↓

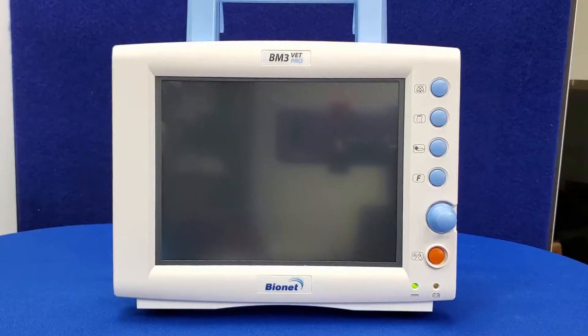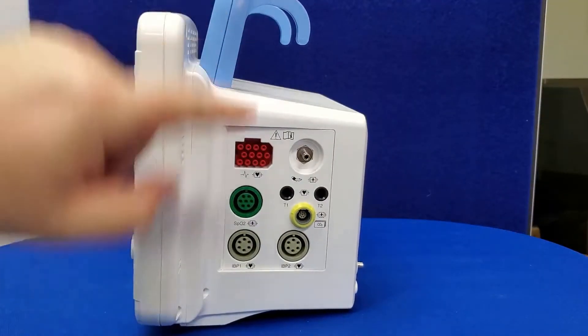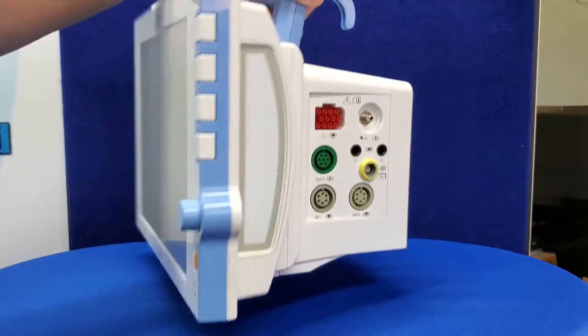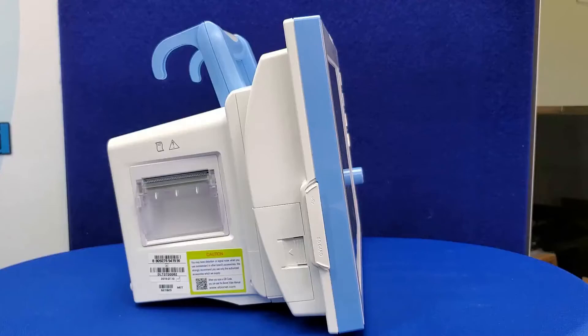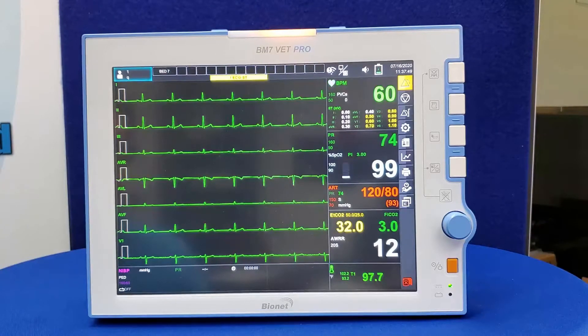Let's look at the differences between the three different models that make up the BMVet Pro series. The BM3 Vet Pro has an 8-inch screen and is designed to cover all the monitoring needs of a majority of veterinary clinics. The BM5 Vet Pro features a 10-inch screen and the addition of a second temperature port and two invasive blood pressure ports; the invasive blood pressure accessories are optional and do not come standard. Finally, the BM7 Vet Pro has a 12-inch screen, invasive blood pressure ports, an additional USB port, an SD card slot, and an expansion slot for an additional battery, bringing the operational battery time to four hours. Both the BM5 and BM7 Vet Pro can display full 7-channel ECG waveforms with an optional 5-lead ECG cable.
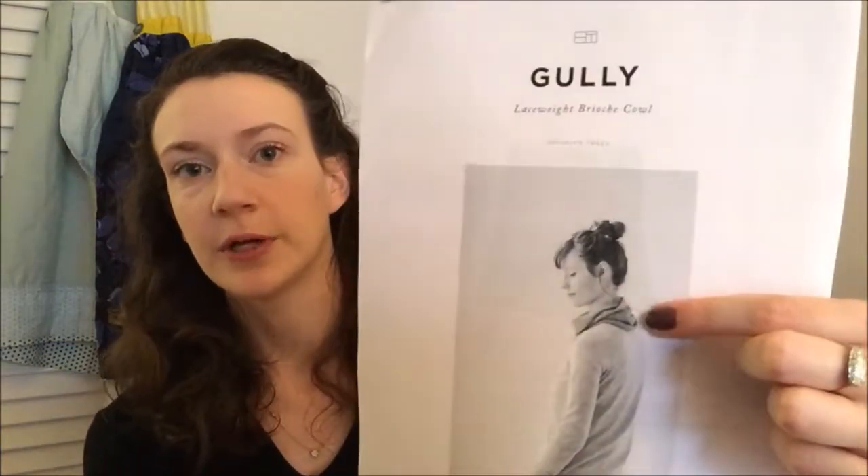Until June 30th, when you buy a skein of this yarn you get a free Brooklyn Tweed pattern with it — it's a really pretty cowl. I believe it's a lace weight brioche cowl and you only need the one skein to make it, so it's a perfect project to try it out with. I'm going to knit one of these and see how I like the yarn.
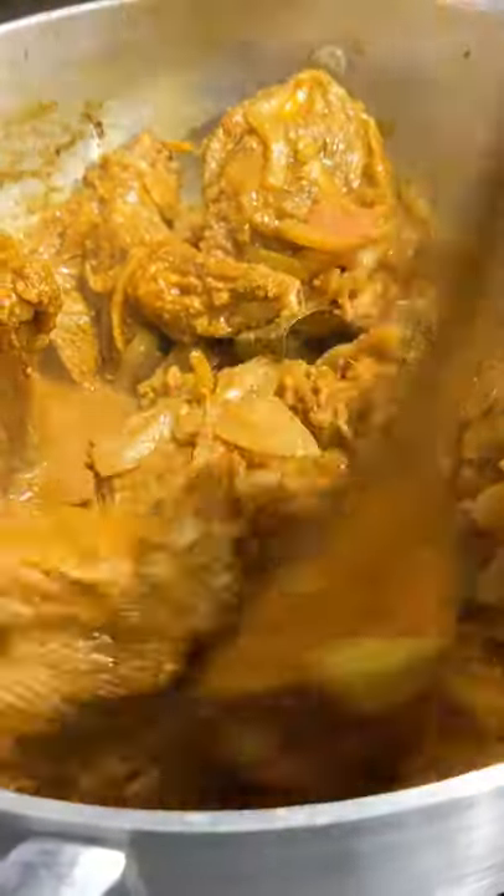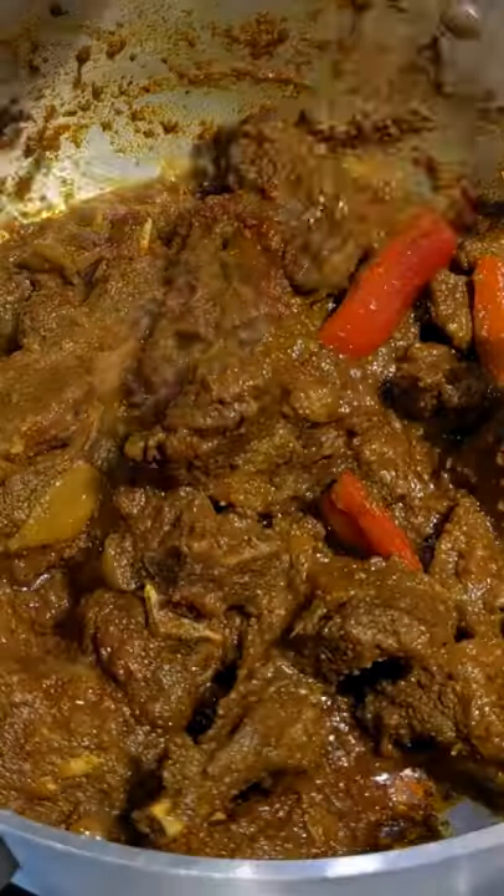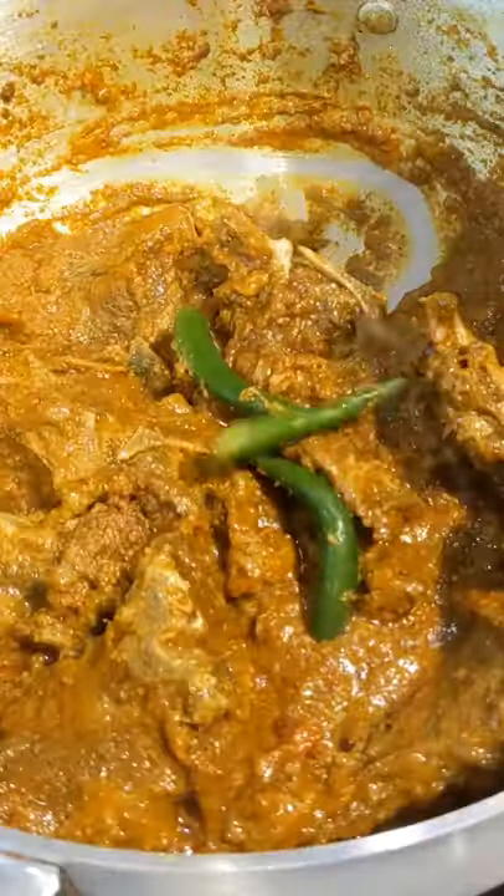Then add half a cup of water and cover with a lid for 15 minutes. Now give it a good stir, then add some red bell pepper, stir in some yogurt, throw in some green chilies and cook for five minutes.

↑

### WORK REQUEST
Please output the material as written, apart from the images.

### YOUR RESPONSE
Let's look at the differences between the three different models that make up the BMVet Pro series. The BM3 Vet Pro has an 8-inch screen and is designed to cover all the monitoring needs of a majority of veterinary clinics. The BM5 Vet Pro features a 10-inch screen and the addition of a second temperature port and two invasive blood pressure ports; the invasive blood pressure accessories are optional and do not come standard. Finally, the BM7 Vet Pro has a 12-inch screen, invasive blood pressure ports, an additional USB port, an SD card slot, and an expansion slot for an additional battery, bringing the operational battery time to four hours. Both the BM5 and BM7 Vet Pro can display full 7-channel ECG waveforms with an optional 5-lead ECG cable.
Until June 30th, when you buy a skein of this yarn you get a free Brooklyn Tweed pattern with it — it's a really pretty cowl. I believe it's a lace weight brioche cowl and you only need the one skein to make it, so it's a perfect project to try it out with. I'm going to knit one of these and see how I like the yarn.
Then add half a cup of water and cover with a lid for 15 minutes. Now give it a good stir, then add some red bell pepper, stir in some yogurt, throw in some green chilies and cook for five minutes.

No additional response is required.